Supplied records Start Marker
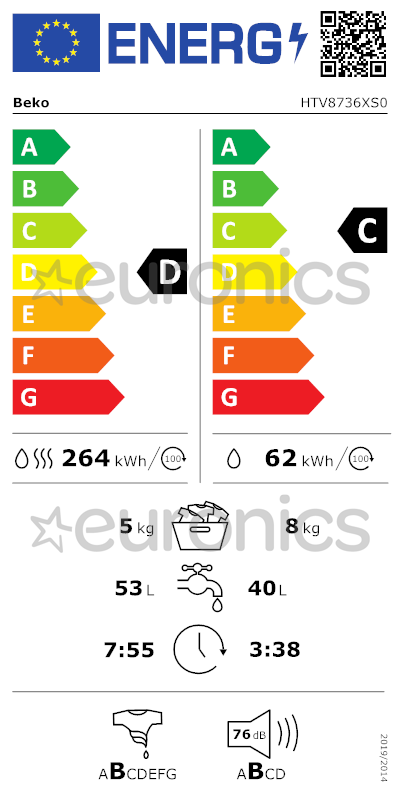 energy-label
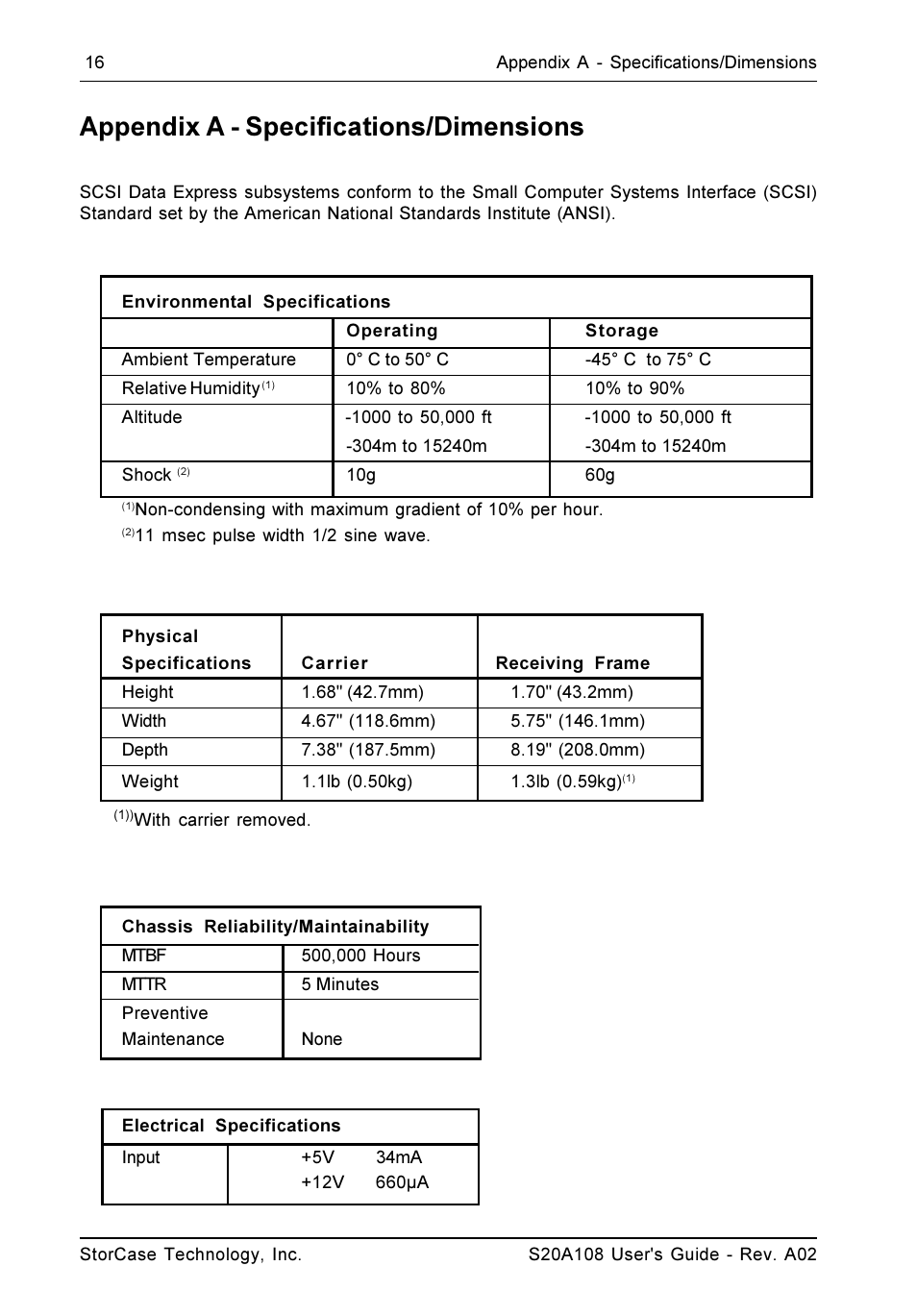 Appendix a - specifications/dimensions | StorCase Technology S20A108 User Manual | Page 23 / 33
Supplied records End Marker
Supplied records Start Marker
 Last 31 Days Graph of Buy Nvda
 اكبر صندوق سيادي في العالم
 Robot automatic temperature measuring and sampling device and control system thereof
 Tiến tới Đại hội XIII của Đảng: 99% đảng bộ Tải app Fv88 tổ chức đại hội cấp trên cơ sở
Supplied records End Marker
Supplied records Start Marker
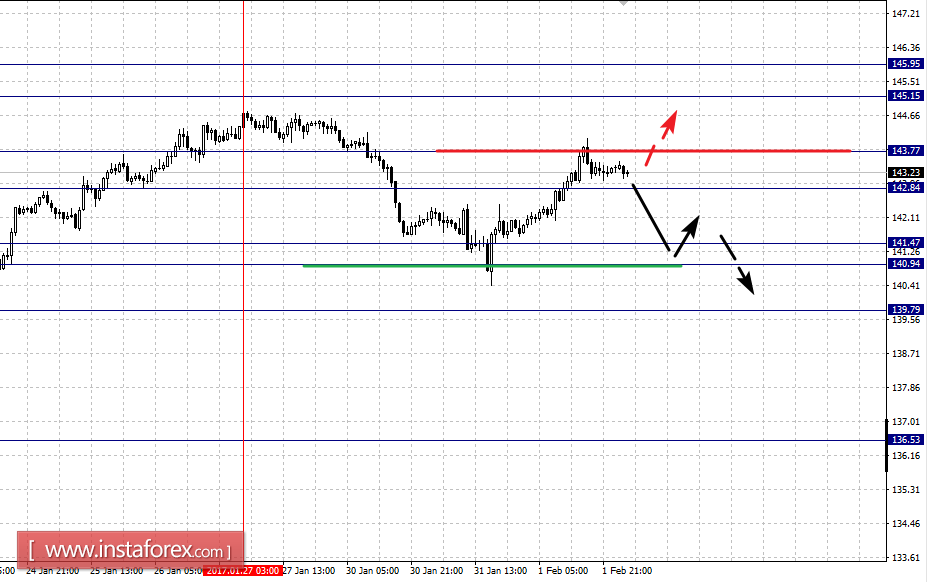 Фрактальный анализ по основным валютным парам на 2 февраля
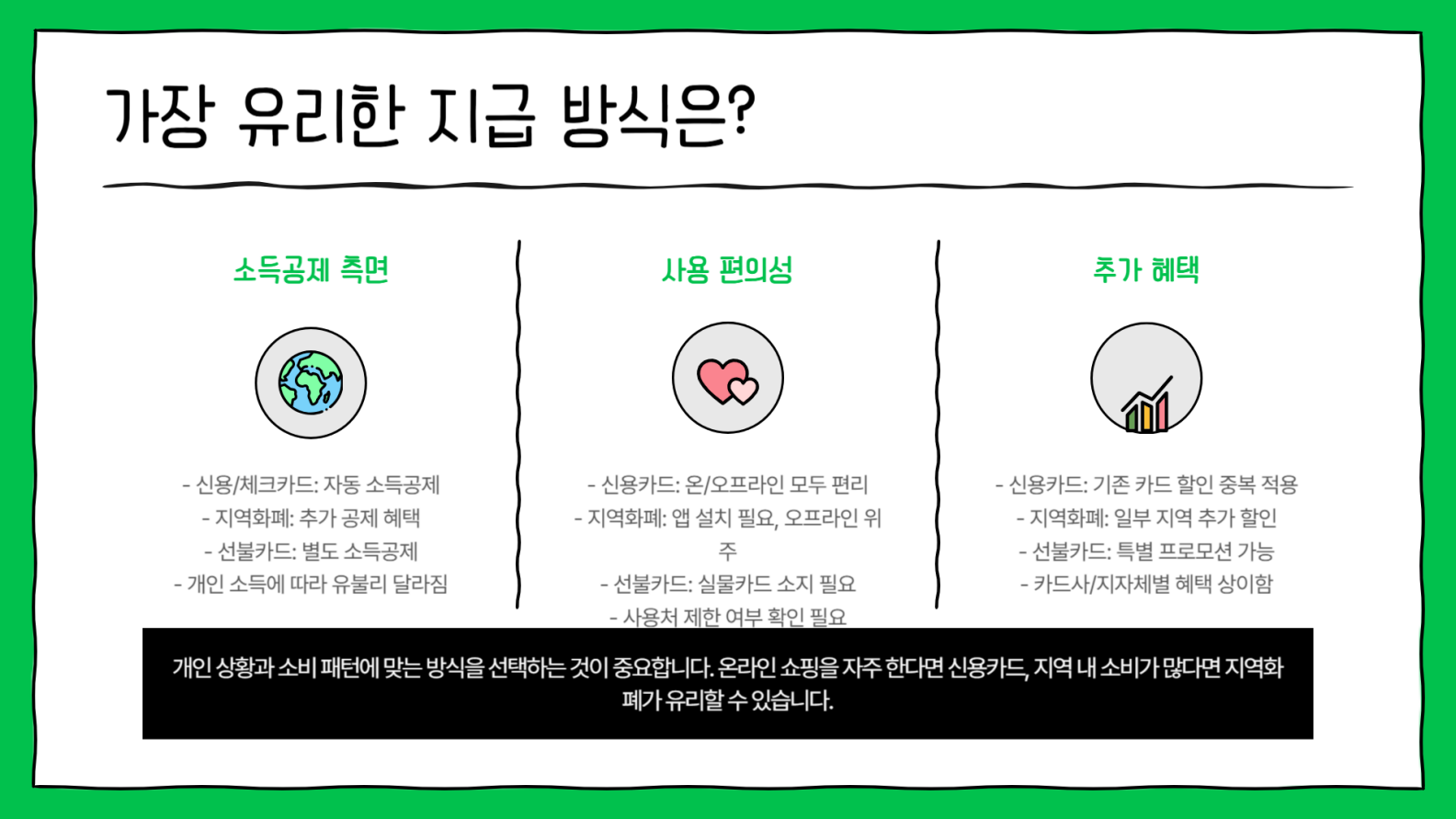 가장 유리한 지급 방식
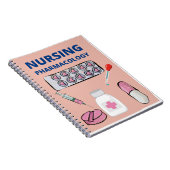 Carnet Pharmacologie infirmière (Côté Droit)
Supplied records End Marker
Beginning with the line above that contains "가장 유리한 지급 방식" and finishing with the line that contains "Carnet Pharmacologie infirmière (Côté Droit)", print those lines exactly and only. Skip all pictures.

* **Answer for this exercise**:
 가장 유리한 지급 방식
 Carnet Pharmacologie infirmière (Côté Droit)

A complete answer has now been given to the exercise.